**PROBLEM STATEMENT**
Locate the line that contains "Lost Male Cat" in the data that follows. Copy it and every subsequent line to the end, exactly, excluding pictures.

**AVAILABLE DATA**
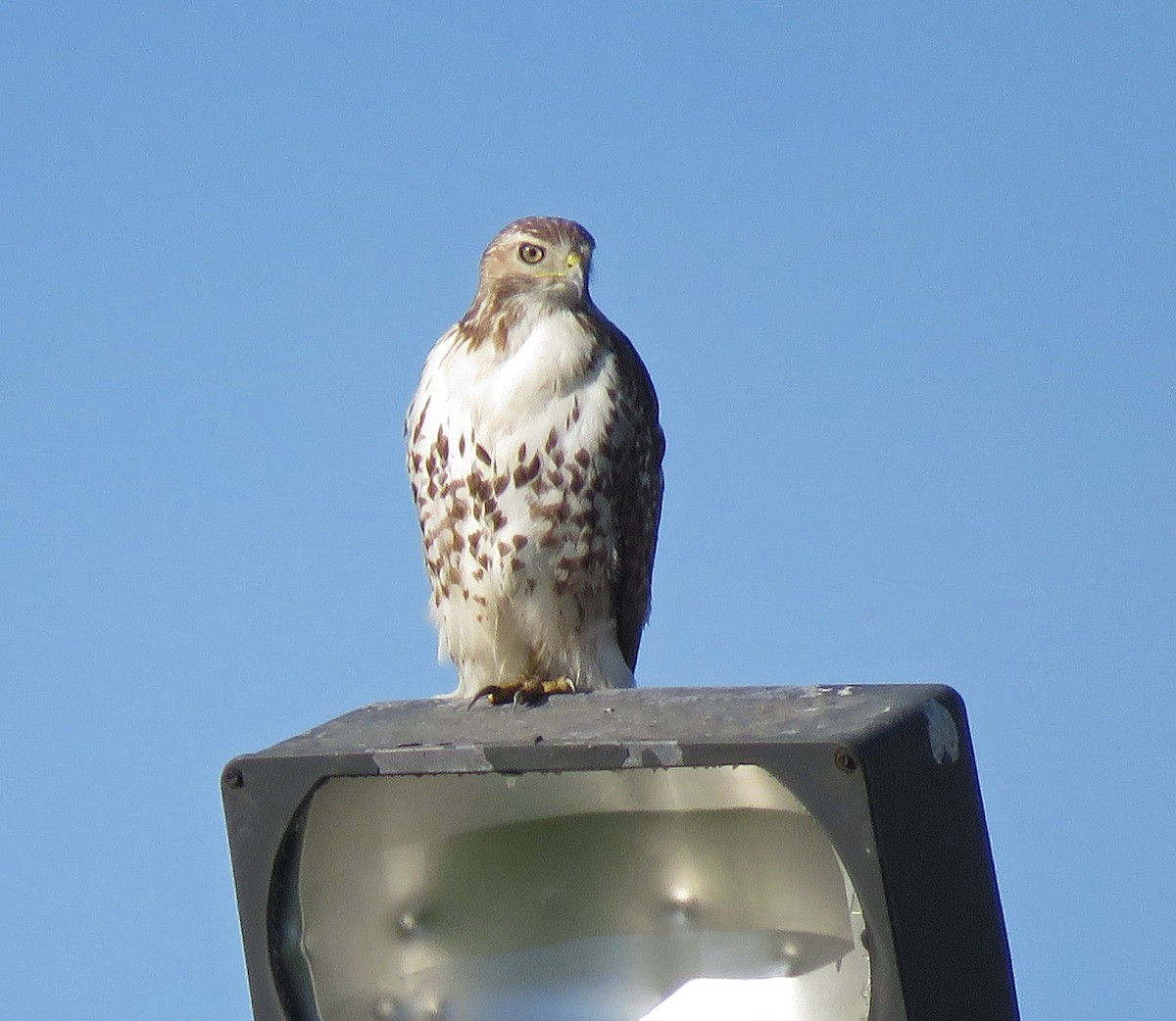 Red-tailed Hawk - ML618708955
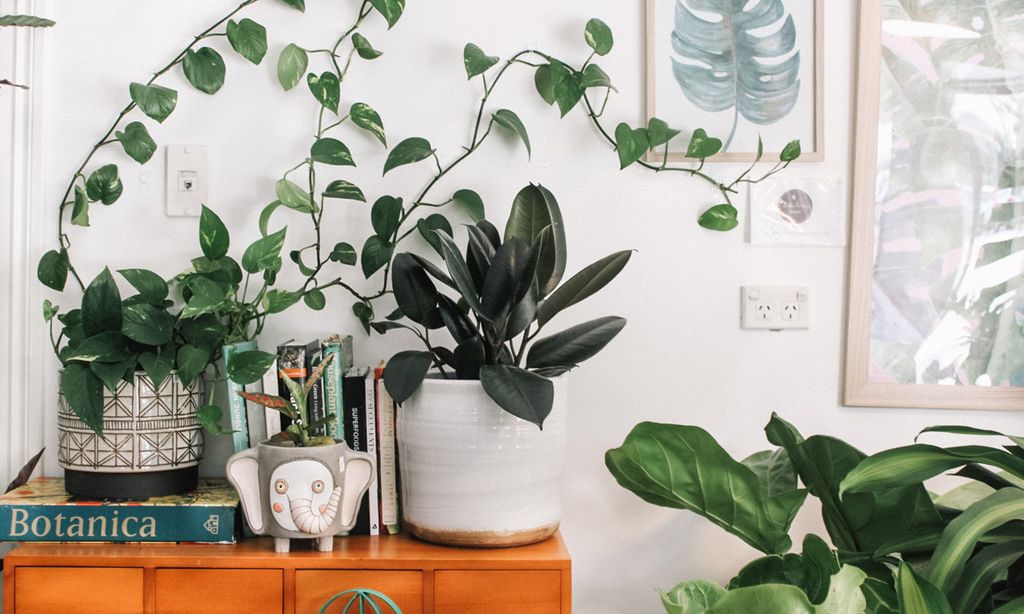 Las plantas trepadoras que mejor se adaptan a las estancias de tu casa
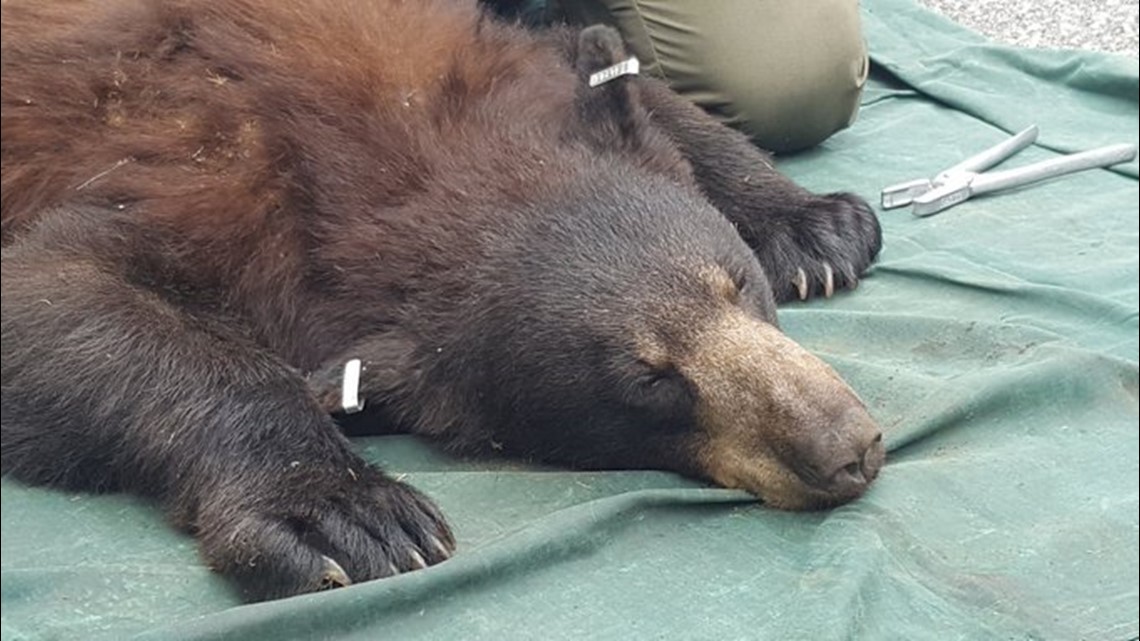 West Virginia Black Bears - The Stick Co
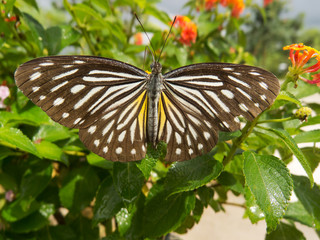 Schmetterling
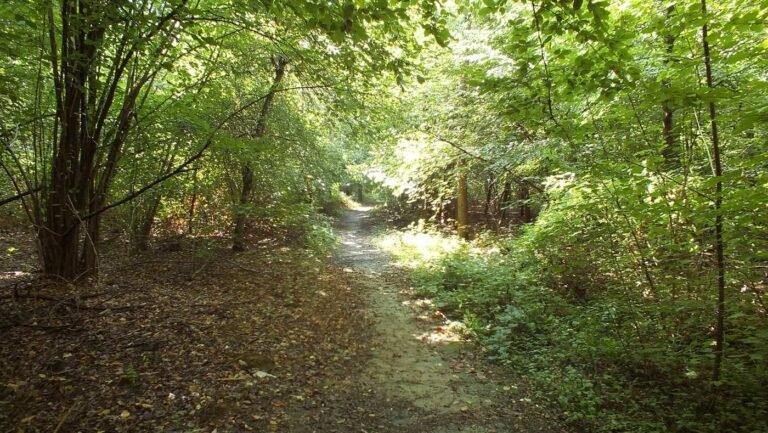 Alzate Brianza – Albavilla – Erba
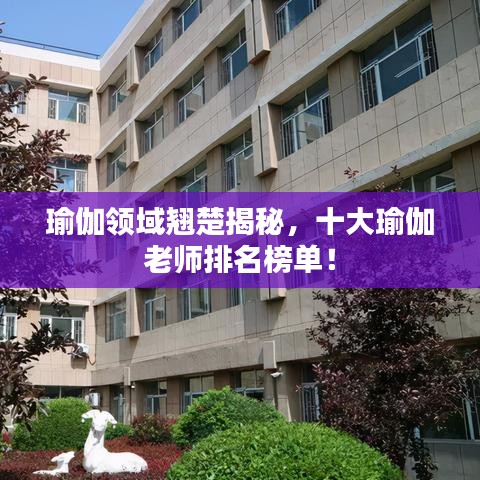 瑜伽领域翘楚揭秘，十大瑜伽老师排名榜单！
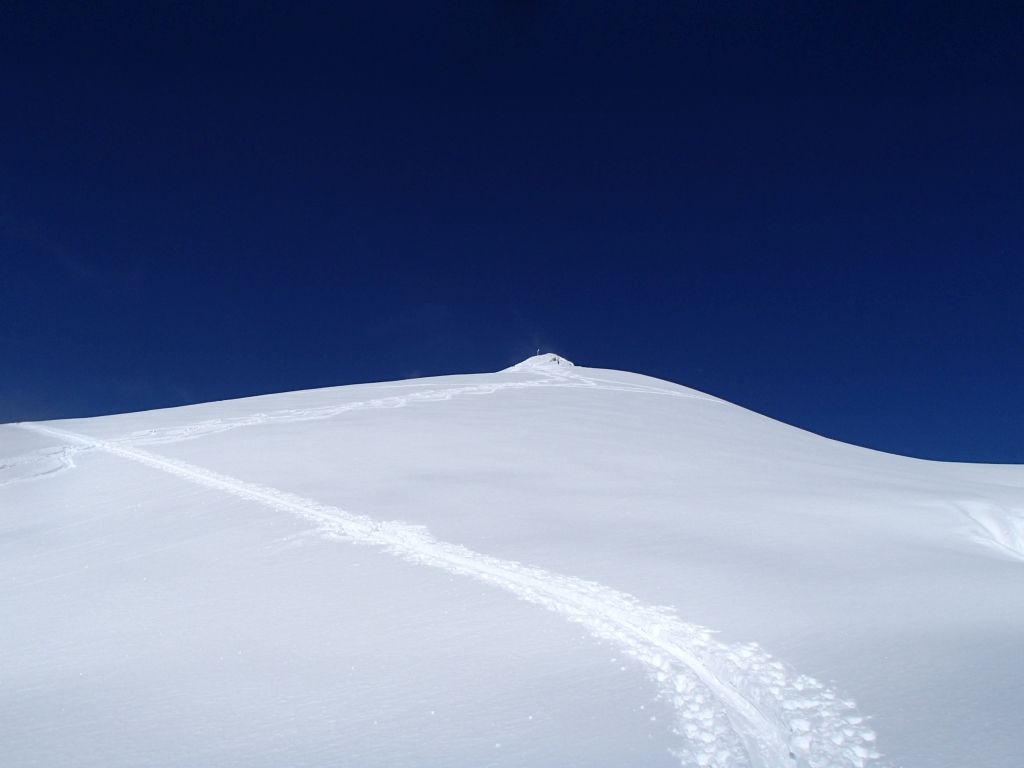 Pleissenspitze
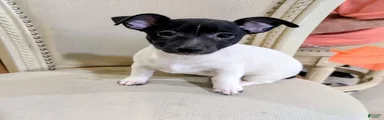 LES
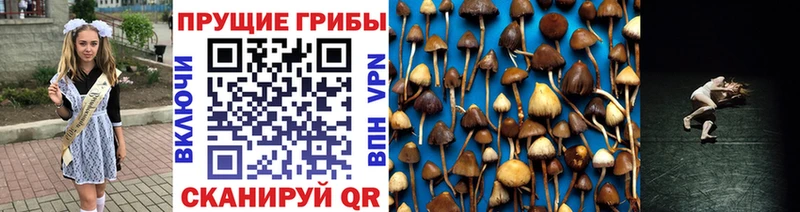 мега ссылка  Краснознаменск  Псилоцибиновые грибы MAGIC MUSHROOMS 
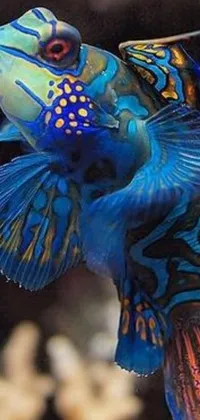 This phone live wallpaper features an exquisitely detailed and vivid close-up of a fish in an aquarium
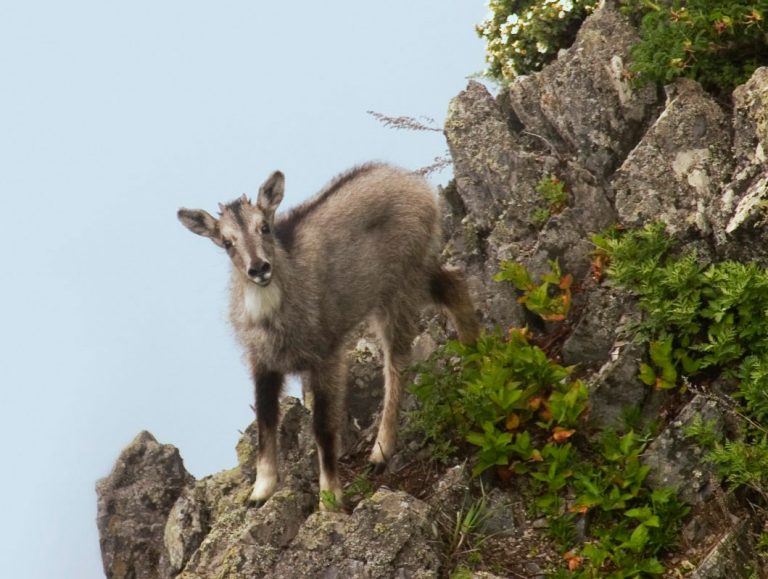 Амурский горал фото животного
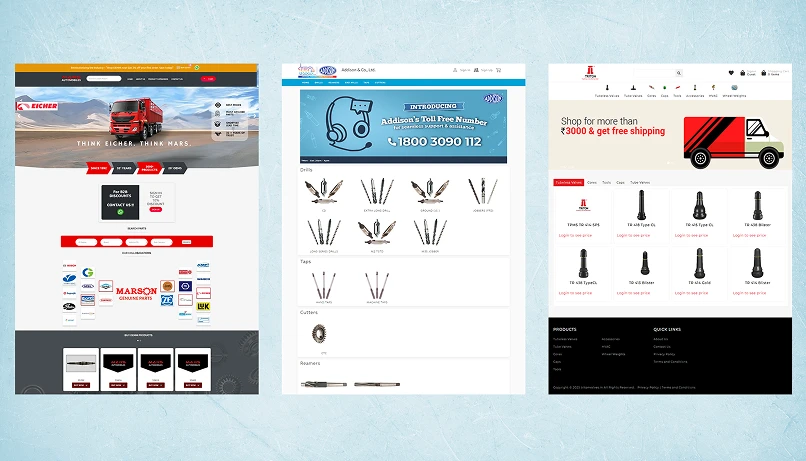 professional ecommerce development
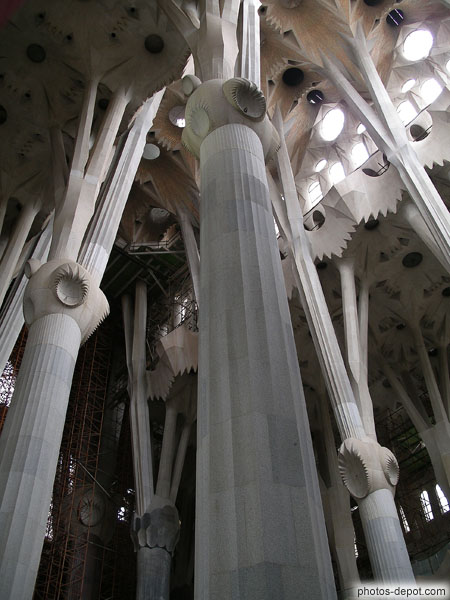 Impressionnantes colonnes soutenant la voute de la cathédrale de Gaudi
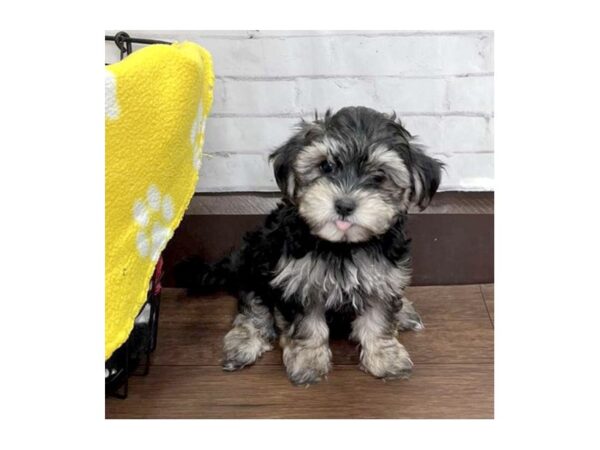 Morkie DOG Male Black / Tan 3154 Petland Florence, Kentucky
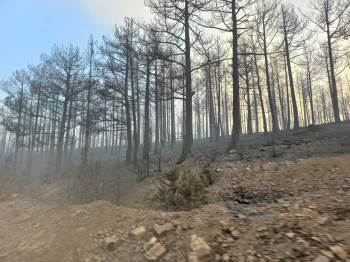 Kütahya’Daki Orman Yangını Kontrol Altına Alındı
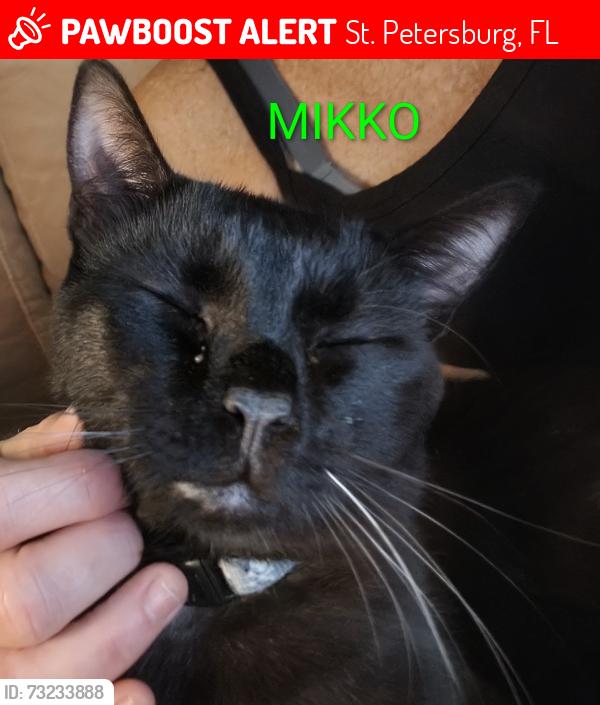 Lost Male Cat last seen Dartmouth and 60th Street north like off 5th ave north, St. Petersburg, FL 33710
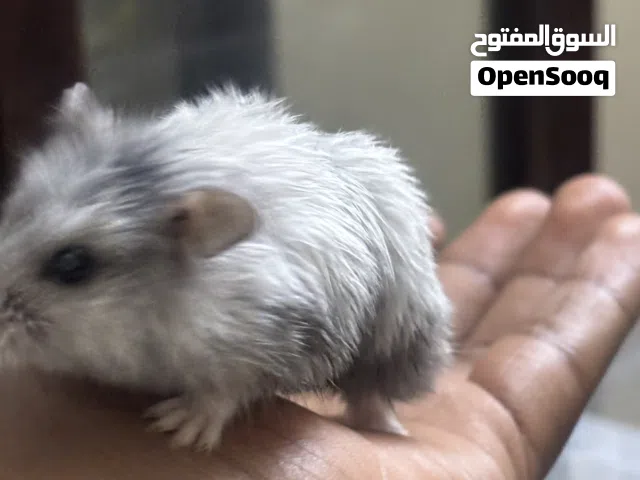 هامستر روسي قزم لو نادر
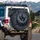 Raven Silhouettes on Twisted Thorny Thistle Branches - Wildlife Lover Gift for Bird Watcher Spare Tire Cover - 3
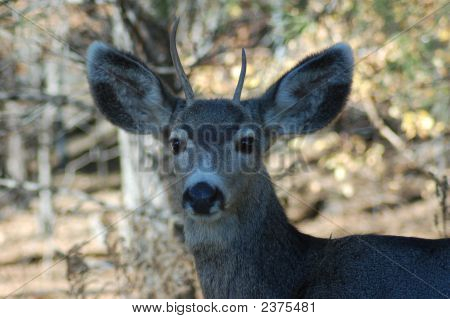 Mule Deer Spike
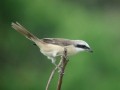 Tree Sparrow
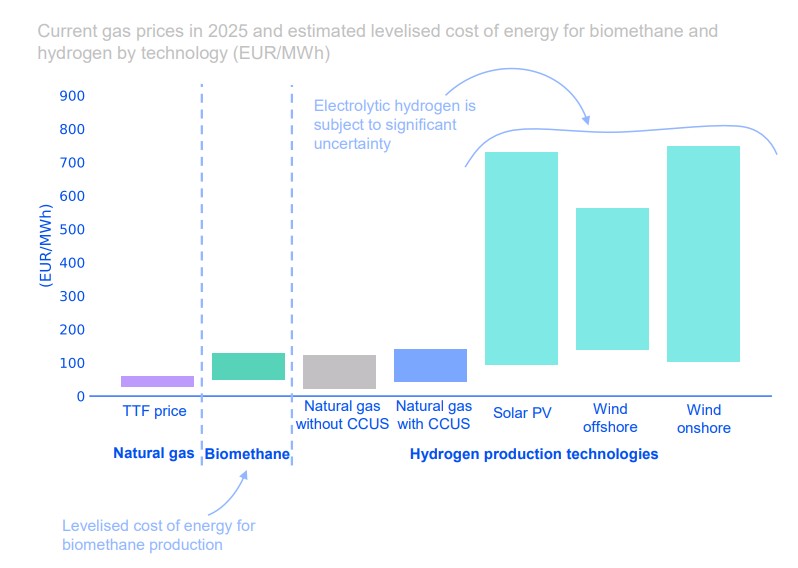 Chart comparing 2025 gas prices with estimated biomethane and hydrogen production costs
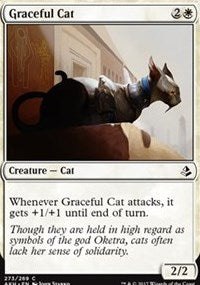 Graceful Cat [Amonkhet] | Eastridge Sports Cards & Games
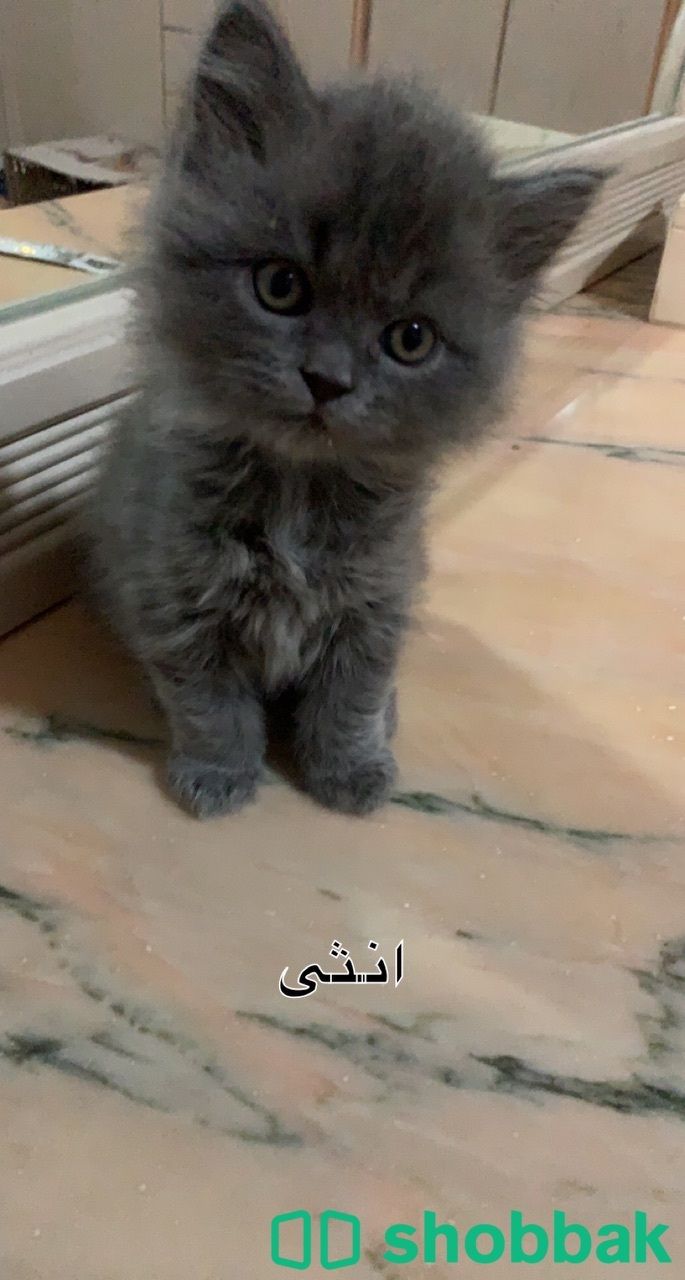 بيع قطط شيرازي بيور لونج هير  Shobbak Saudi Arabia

**EXERCISE RESULT**
 Lost Male Cat last seen Dartmouth and 60th Street north like off 5th ave north, St. Petersburg, FL 33710
 هامستر روسي قزم لو نادر
 Raven Silhouettes on Twisted Thorny Thistle Branches - Wildlife Lover Gift for Bird Watcher Spare Tire Cover - 3
 Mule Deer Spike
 Tree Sparrow
 Chart comparing 2025 gas prices with estimated biomethane and hydrogen production costs
 Graceful Cat [Amonkhet] | Eastridge Sports Cards & Games
 بيع قطط شيرازي بيور لونج هير  Shobbak Saudi Arabia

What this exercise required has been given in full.